Records excerpted from a collection
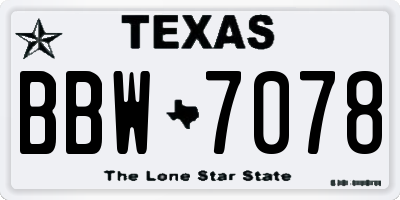 TX license plate BBW7078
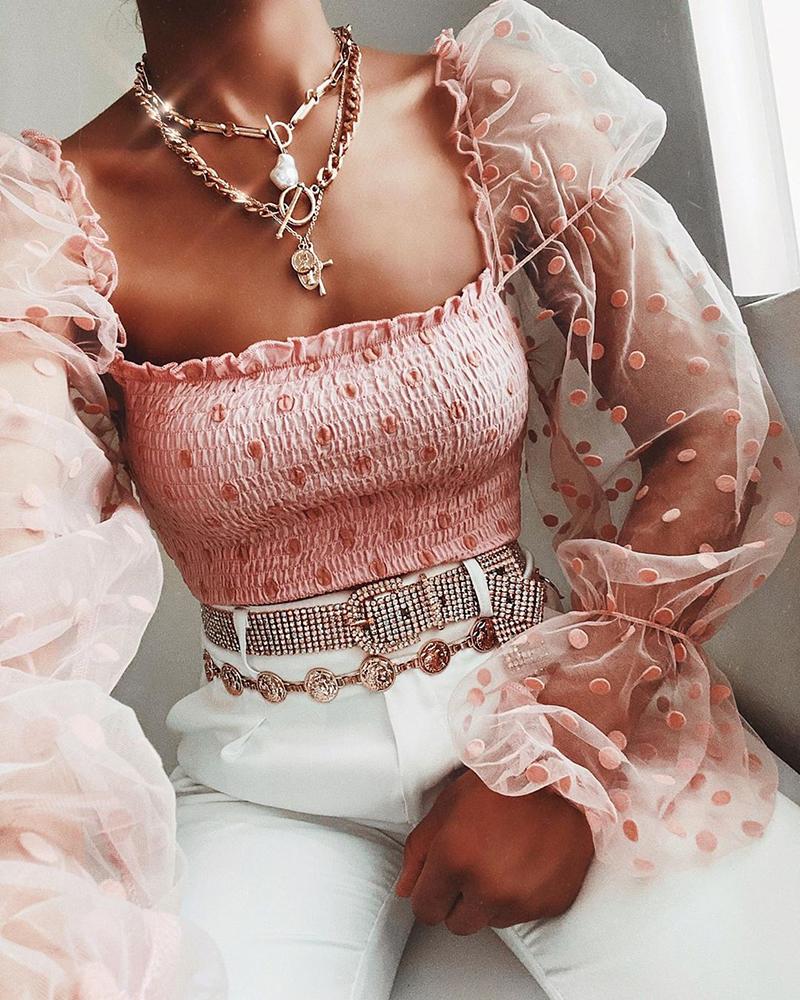 

Sheer Mesh Dot Puffed Sleeve Blouse, Pink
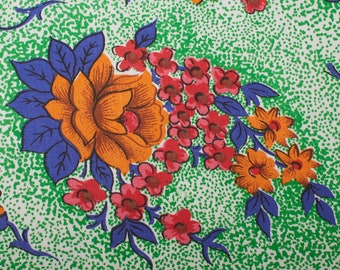 Hermosa tela de algodón vintage de la década de 1960, flores de color naranja azul verde, decoración del hogar BTY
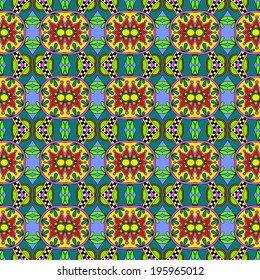 geometry vintage floral seamless pattern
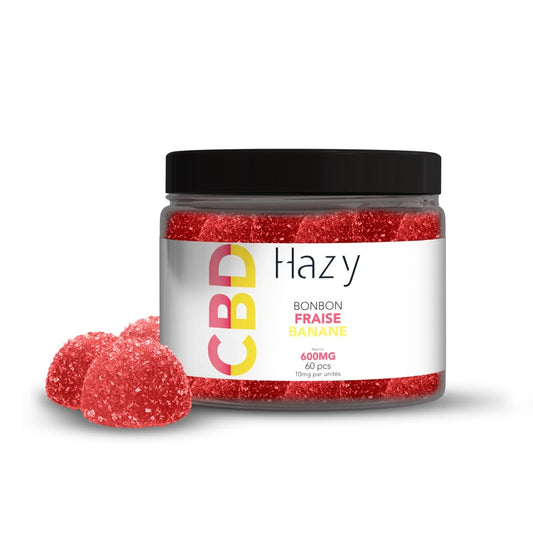 Bonbons au CBD arôme Fraise Banane – 600mg – 60 pièces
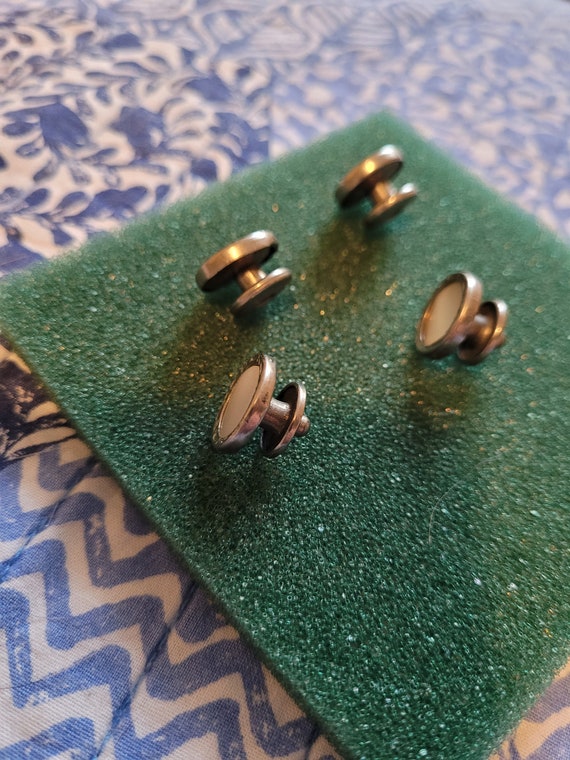 Boutons De Manchette Vintage Argent Et Blanc - Snap Link - Occasion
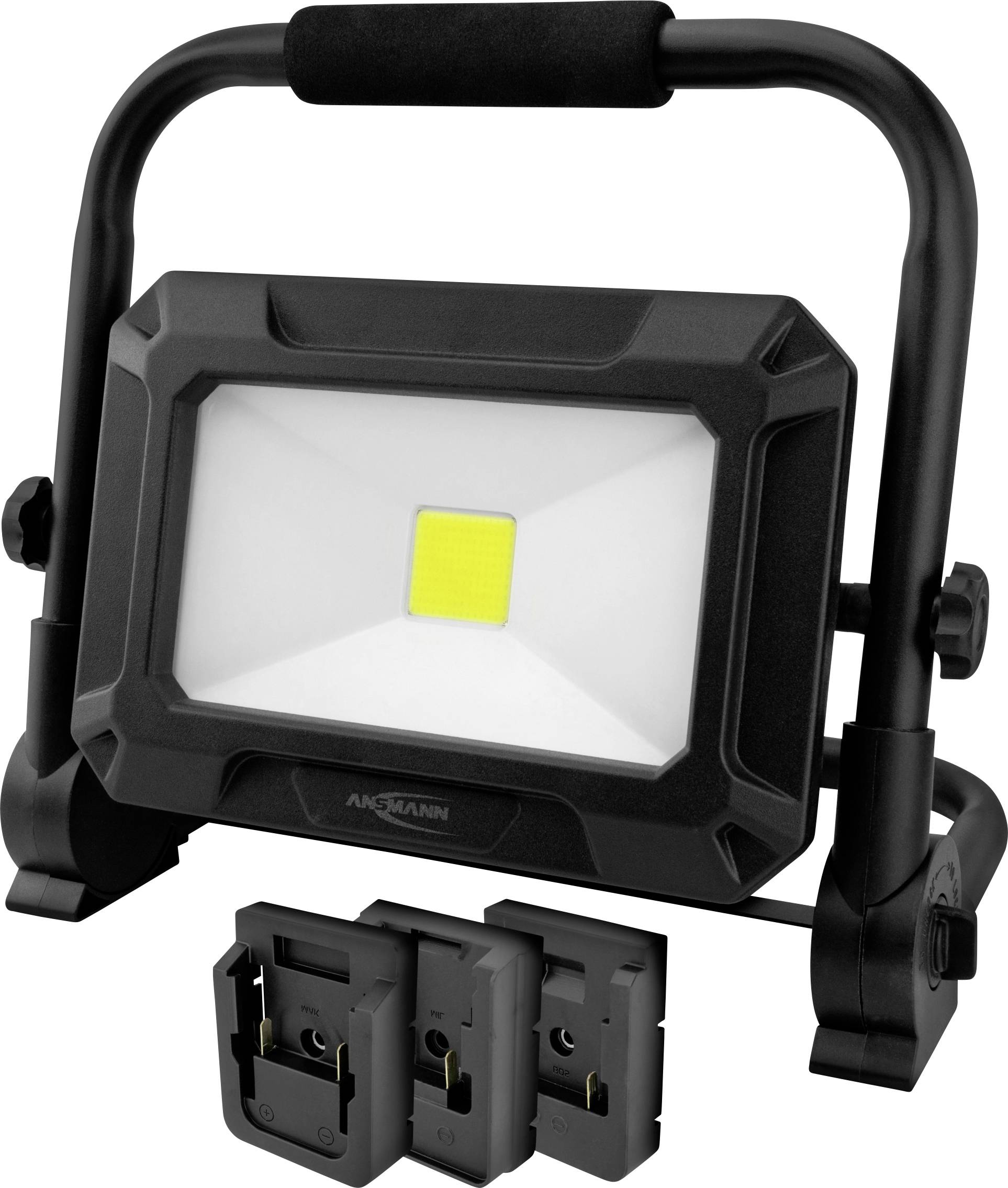 A portable black LED floodlight with a handle, designed for outdoor use. It includes battery compartments at the base.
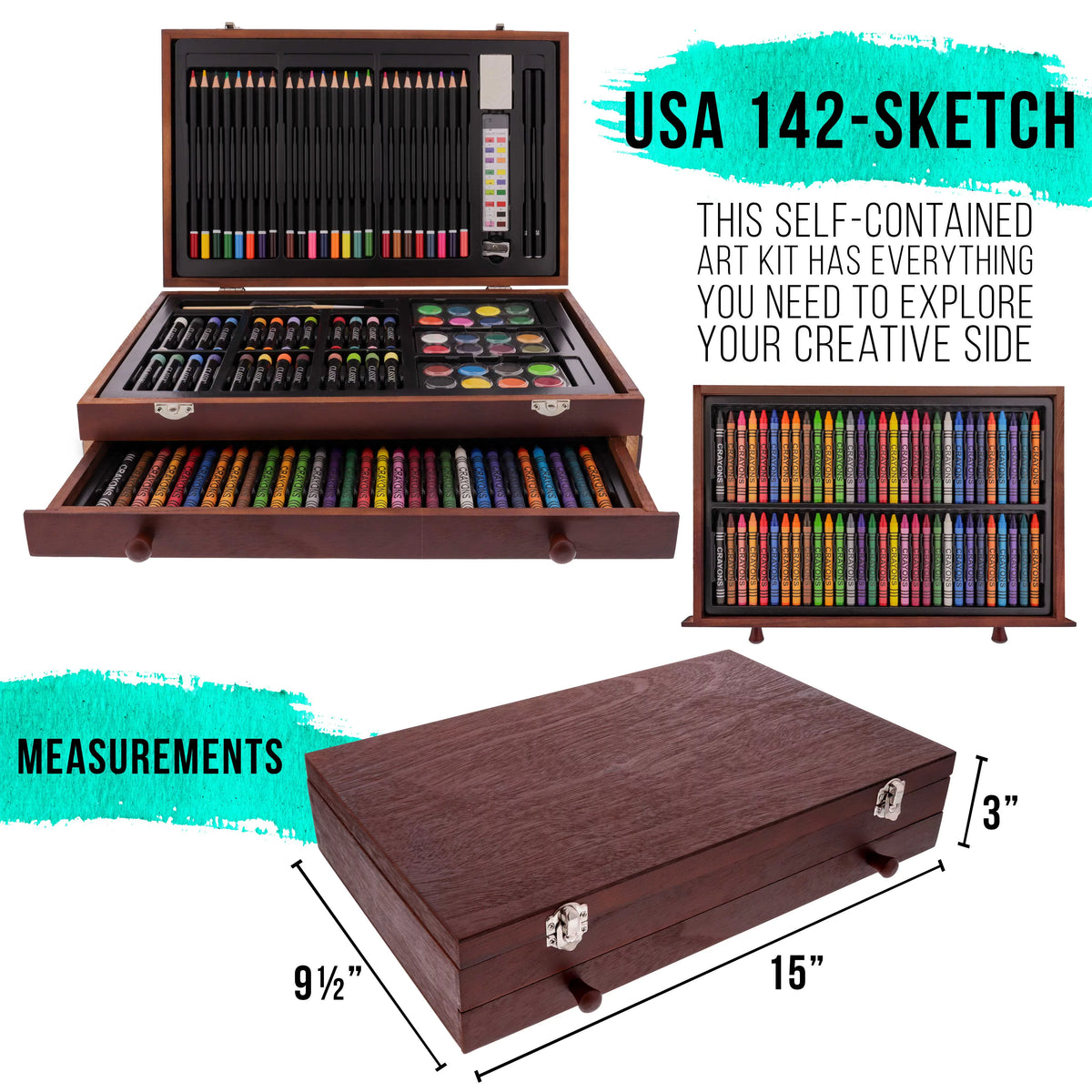 162-Piece Wood Box Art Painting and Drawing Set Y9543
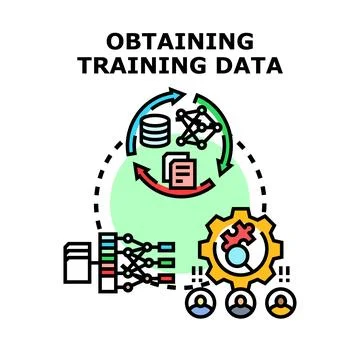 Obtaining training data for machine learning process Stock Illustration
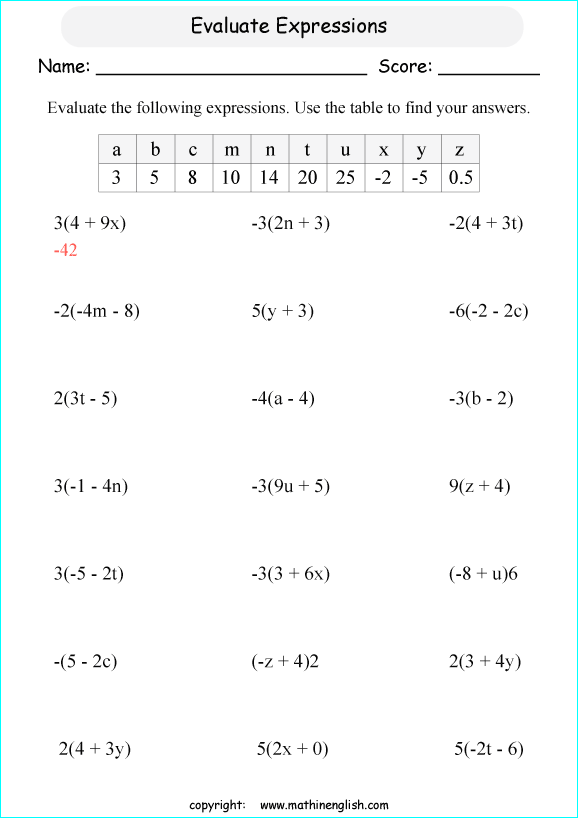 evaluating algebraic expressions worksheets for primary math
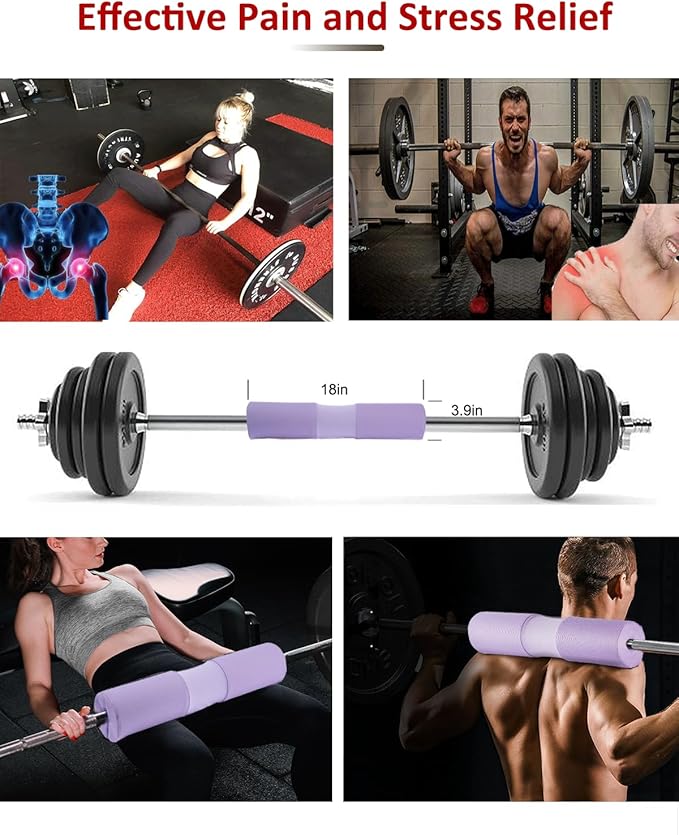 Barbell Squat Pad Nylon Padding AntiSlip- Thick Foam Barbell Pad for Squats Cushion, Lunges&Bar Padding for Hip Thrusts - Standard Weight Bar Pad - Provides Cushion to Neck Shoulders Training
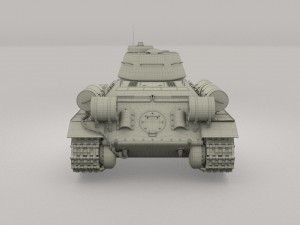 t-34-76 interior-engine bay camo full 3D 모델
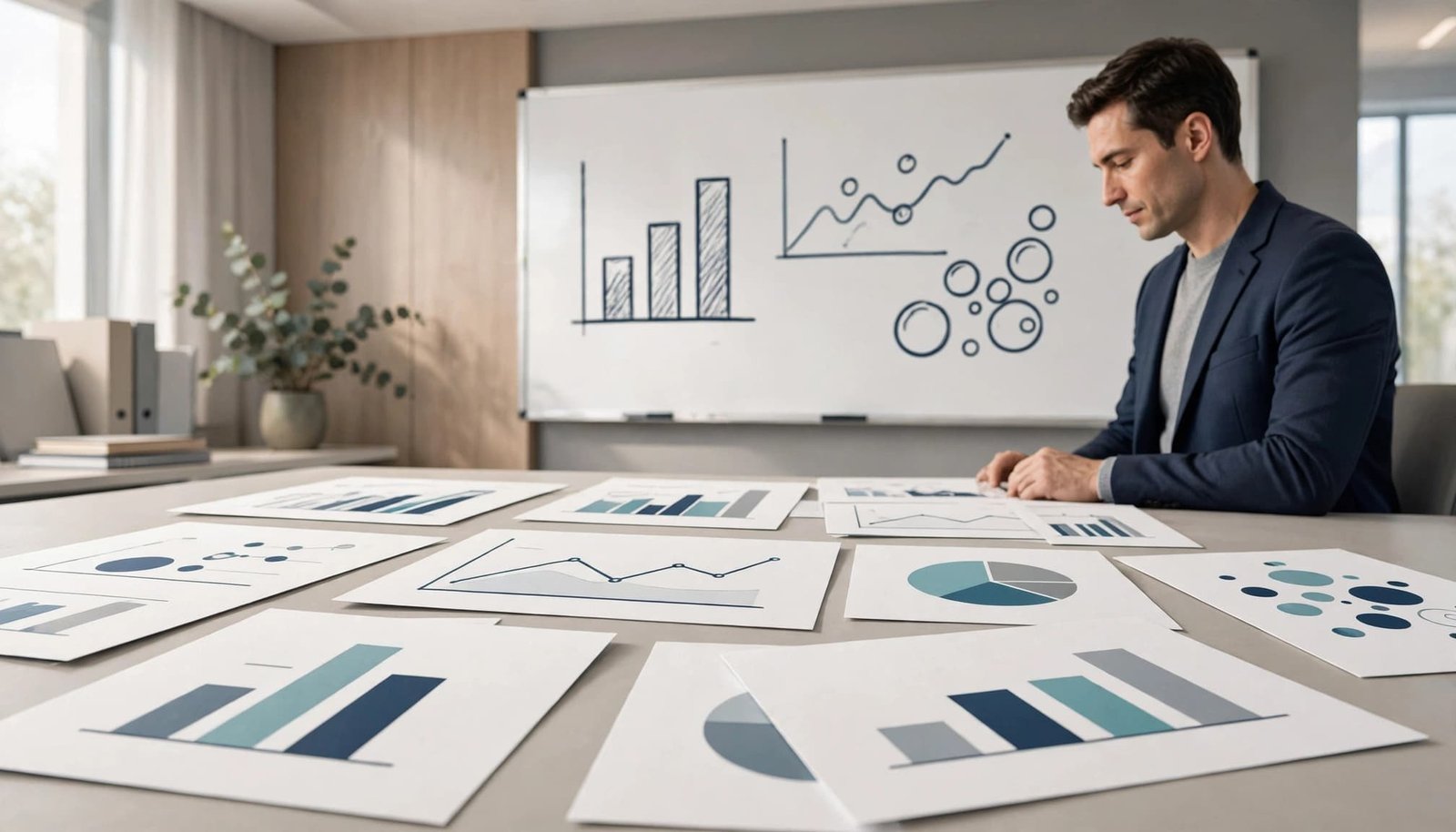 A consultant reviews metric cards beside a simple chart-covered whiteboard.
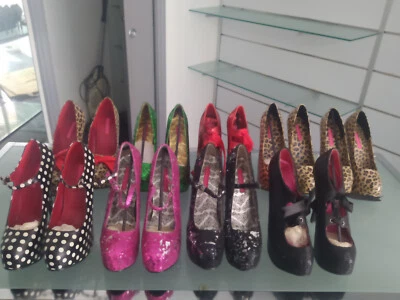 Lotto Bordello Fetish Decollete Plateau Tacco Alto Glitter Burlesque Pin Up Drag - Immagine 1 di 4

§ **REQUIRED WORK**:
Nothing is needed beyond an exact transcription of the lines from the one containing "Hermosa tela de" to the end of the entries above, with the pictures omitted.

§ **RESPONSE**:
 Hermosa tela de algodón vintage de la década de 1960, flores de color naranja azul verde, decoración del hogar BTY
 geometry vintage floral seamless pattern
 Bonbons au CBD arôme Fraise Banane – 600mg – 60 pièces
 Boutons De Manchette Vintage Argent Et Blanc - Snap Link - Occasion
 A portable black LED floodlight with a handle, designed for outdoor use. It includes battery compartments at the base.
 162-Piece Wood Box Art Painting and Drawing Set Y9543
 Obtaining training data for machine learning process Stock Illustration
 evaluating algebraic expressions worksheets for primary math
 Barbell Squat Pad Nylon Padding AntiSlip- Thick Foam Barbell Pad for Squats Cushion, Lunges&Bar Padding for Hip Thrusts - Standard Weight Bar Pad - Provides Cushion to Neck Shoulders Training
 t-34-76 interior-engine bay camo full 3D 모델
 A consultant reviews metric cards beside a simple chart-covered whiteboard.
 Lotto Bordello Fetish Decollete Plateau Tacco Alto Glitter Burlesque Pin Up Drag - Immagine 1 di 4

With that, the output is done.